In 1964, Paik moved to New York City and continued exploring the realm of music, video and performance, inspired by the technological revolution. Christine Frohnert writes that “in 1965, Sony introduced the Portapak, the first portable video and audio recorder. Paik could now both move and record things outside of his studio. And with no doubt from there, Paik became an international celebrity, known for his creative video sculptures and video installations.”(1)
An oft-repeated story about Paik notes that the day he obtained this new camera, he was stuck in a taxi during a traffic jam created by Pope Paul VI’s motorcade. Using this new device, Paik videotaped the procession, and that same afternoon he screened the twenty minutes of footage to friends at Café a Go-Go in Greenwich Village. It is said that on this day, video art was born. The same year Paik opened two exhibitions in New York City: Electronic Art at the Galeria Bonino and another at the New School for Social Research. Paik quickly achieved international recognition and in 1968 his first work was shown at the Museum of Modern Art in New York in the exhibition The Machine as Seen at the End of the Mechanical Age.
One of his most prominent artworks is TV Garden from 1974, showcased at the Guggenheim. Per the Guggenheim, the work “illustrates Paik’s profound grasp of technology’s capacity for composition and the new aesthetic discourse that he helped to create. To enter the piece is to experience an uncanny fusion of the natural and the scientific, as hidden amid an undergrowth of live plants are video monitors of various sizes. […] TV Garden set a new standard for immersive, site-specific video installations. […] For Paik, the artist should not be limited in seeking new forms of creative expression, but rather the potential for innovation must be continually reimagined.” (2)

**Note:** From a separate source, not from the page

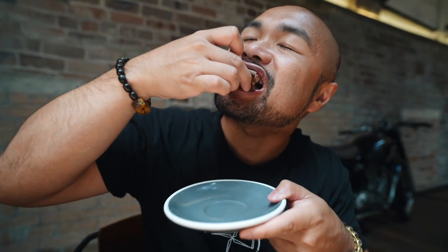Nice and crispy. And that banana bread — oh my god, super tasty and fluffy.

The painting offered here, CBC – 2 is from 1984, a later work by the artist. Throughout his artistic life, his numerous experiments using the TV set as his original medium led him back to the canvas. These specific calibration colour bars are among the first emblematic images of television. It is a universal code, which Paik uses to explore the roots of the TV screen with these simple colour bars and the attached antenna, ultimately mimicking a television via canvas. Paik explained: “I want to shape the TV screen canvas as precisely as Leonardo, as freely as Picasso, as colourfully as Renoir, as profoundly as Mondrian, as violently as Pollock, and as lyrically as Jasper Johns.”
ABOUT THE AUCTION:
Waddington’s is pleased to present our major Canadian and International Fine Art auction, online from November 25-30.
This major auction features the Collection of Sir Christopher and Lady Ondaatje, which includes work by Cornelius Krieghoff, Frederick Verner and Sir William Cornelius Van Horne. Another key collection is that of Murdoch and Joyce Putnam, featuring paintings by A.Y. Jackson, A.J. Casson and Edwin Holgate. Other notable names include Max Liebermann, E.J. Hughes, William Perehudoff, Takao Tanabe, Jean McEwen, Edward Burtynsky and Jean-Michel Basquiat.
Please contact us for more information.
On view at our Toronto galleries, 275 King St. E, Second Floor:
Saturday, November 25 from 12 noon to 4:00 pm
Sunday, November 26 from 12 noon to 4:00 pm
Monday, November 27 from 10 am to 7:00 pm
Tuesday, November 28 from 10 am to 7:00 pm
Or by appointment.
- Christine Frohnert, “The Conservation of Historic Cathode Ray Tube-Based Artworks from the 1960s.” Electronic Media Review. Accessed October 11, 2023. https://resources.culturalheritage.org/emg-review/volume-two-2011-2012/the-conservation-of-historic-cathode-ray-tube-based-artworks-from-the-1960s/.
- “Nam June Paik.” Solomon R. Guggenheim Museum. Accessed October 11, 2023. https://www.guggenheim.org/wp-content/uploads/2019/12/guggenheim-teaching-materials-tmcaa-nam-june-paik.pdf.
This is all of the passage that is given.